Task details: Write out, with no changes, every line starting at the one that contains "15462 Gulf Blvd #406 Property Photo 33" and ending at the last line of the data below. Leave pictures out.

Input data:
========

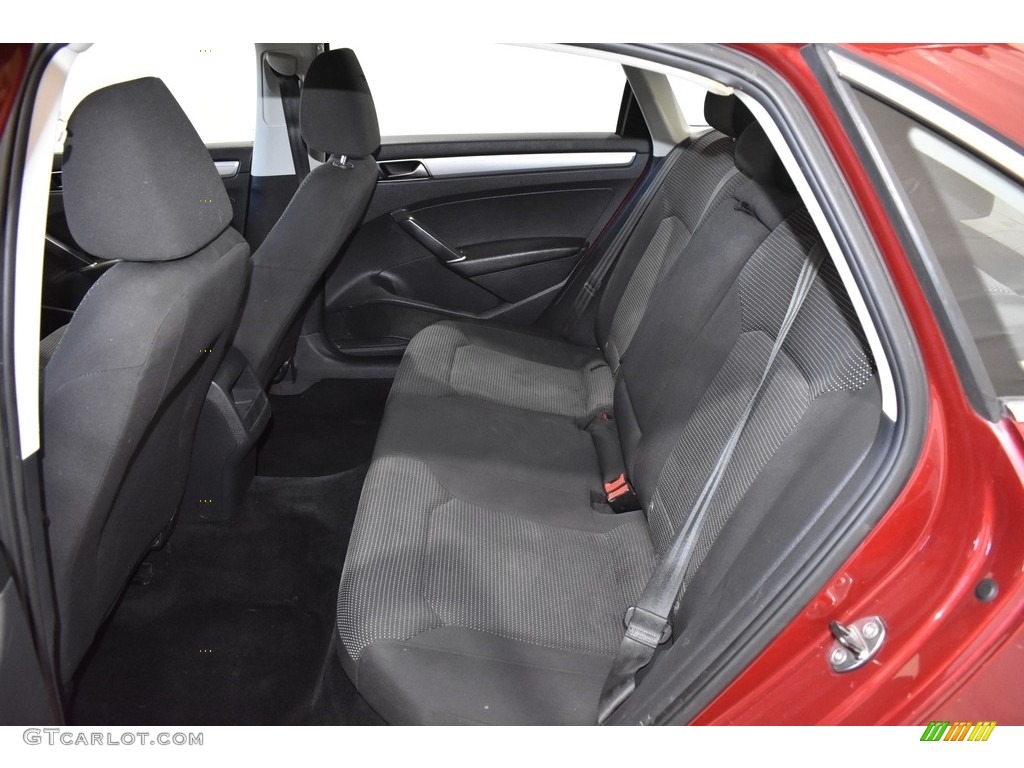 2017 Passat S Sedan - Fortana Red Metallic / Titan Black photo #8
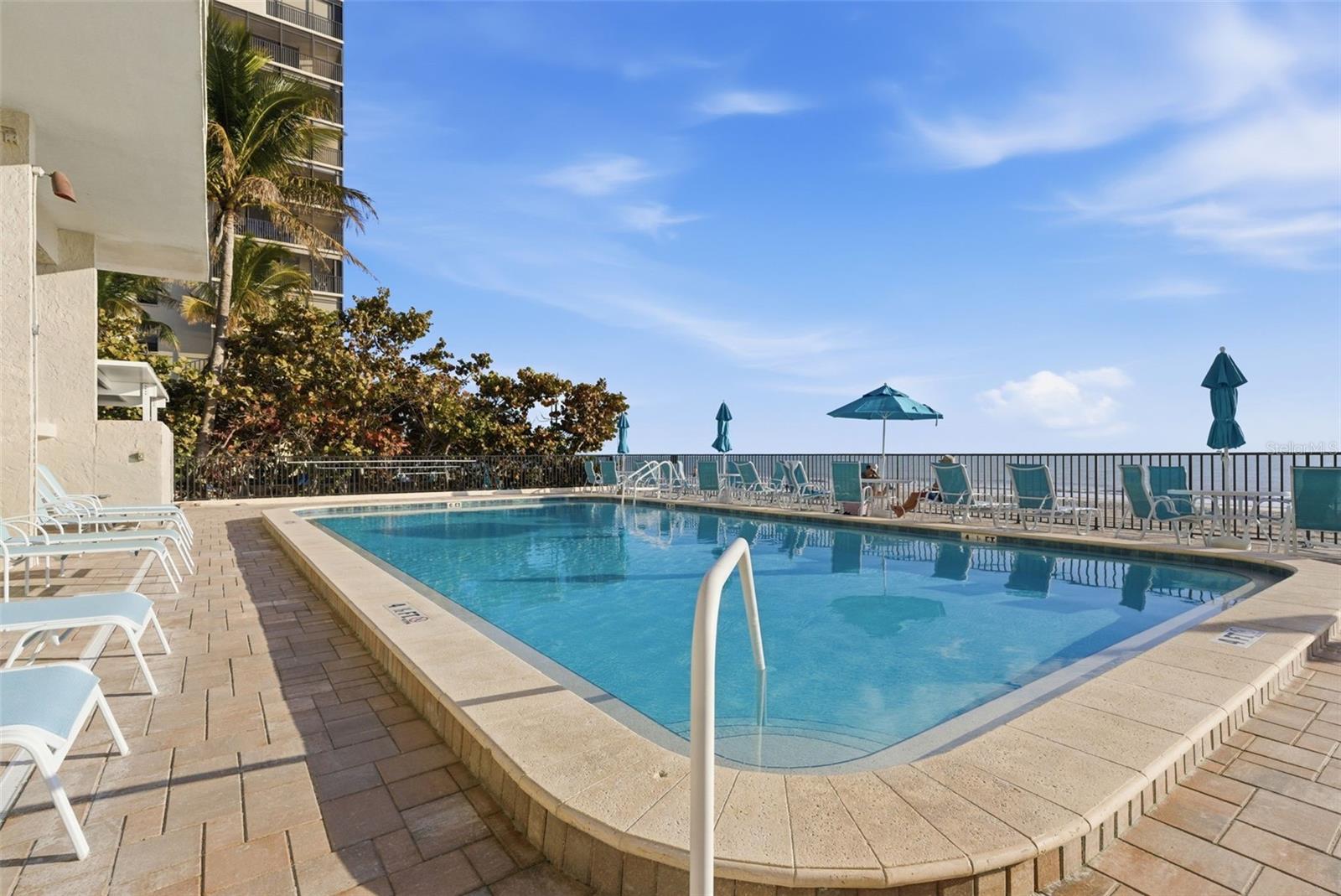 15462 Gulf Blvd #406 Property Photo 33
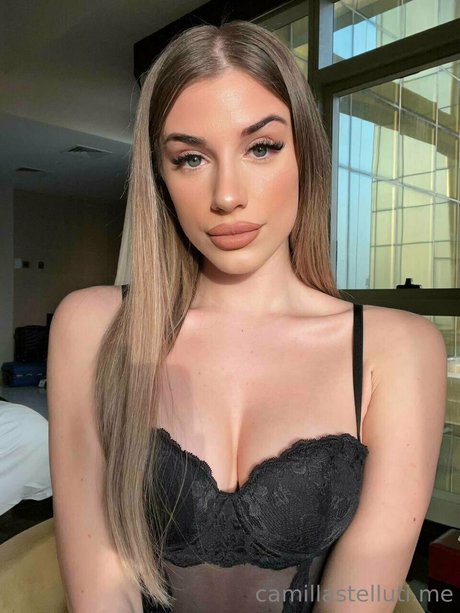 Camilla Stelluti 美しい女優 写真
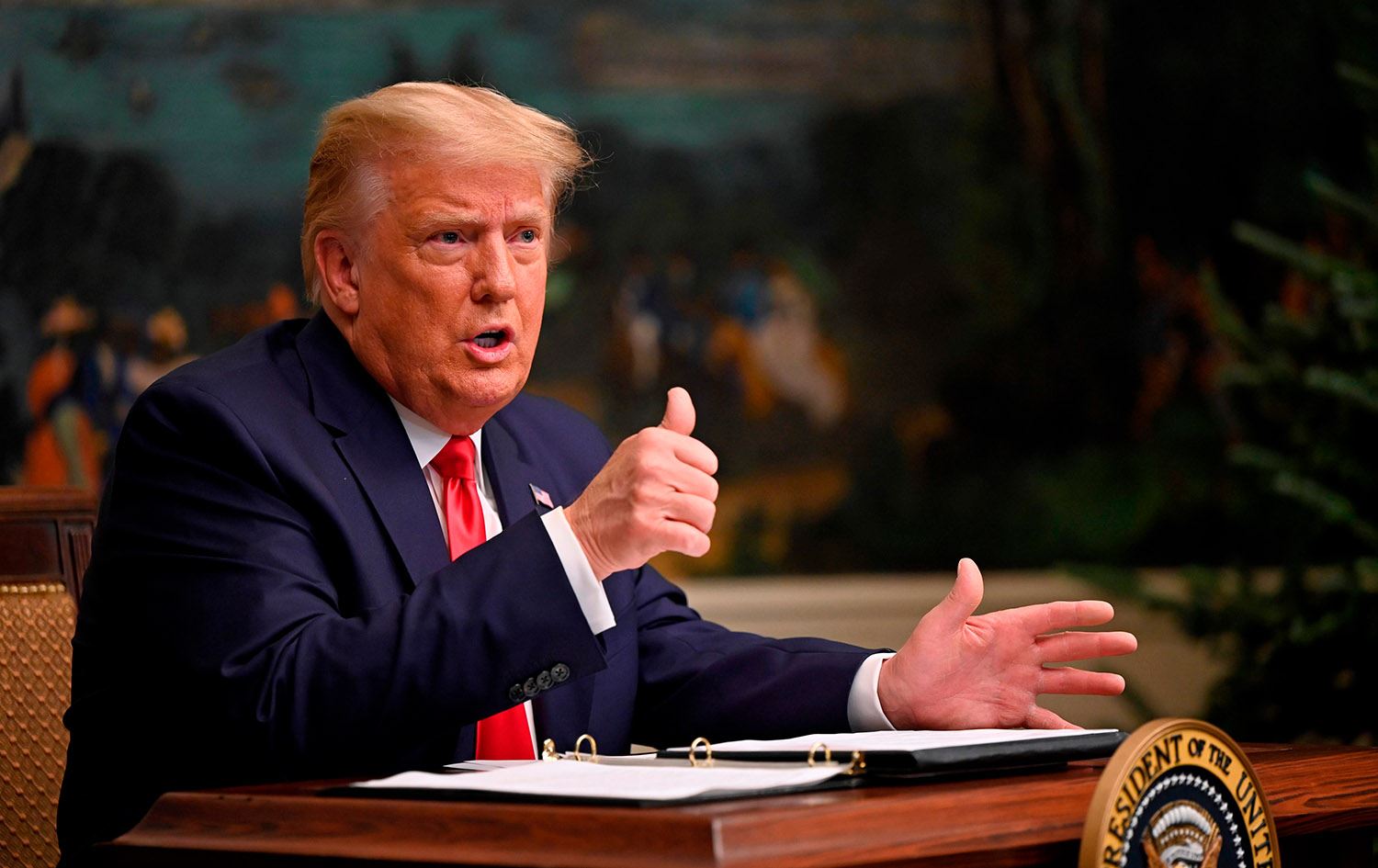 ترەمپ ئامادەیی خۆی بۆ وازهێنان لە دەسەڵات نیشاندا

========

Output below:
 15462 Gulf Blvd #406 Property Photo 33
 Camilla Stelluti 美しい女優 写真
 ترەمپ ئامادەیی خۆی بۆ وازهێنان لە دەسەڵات نیشاندا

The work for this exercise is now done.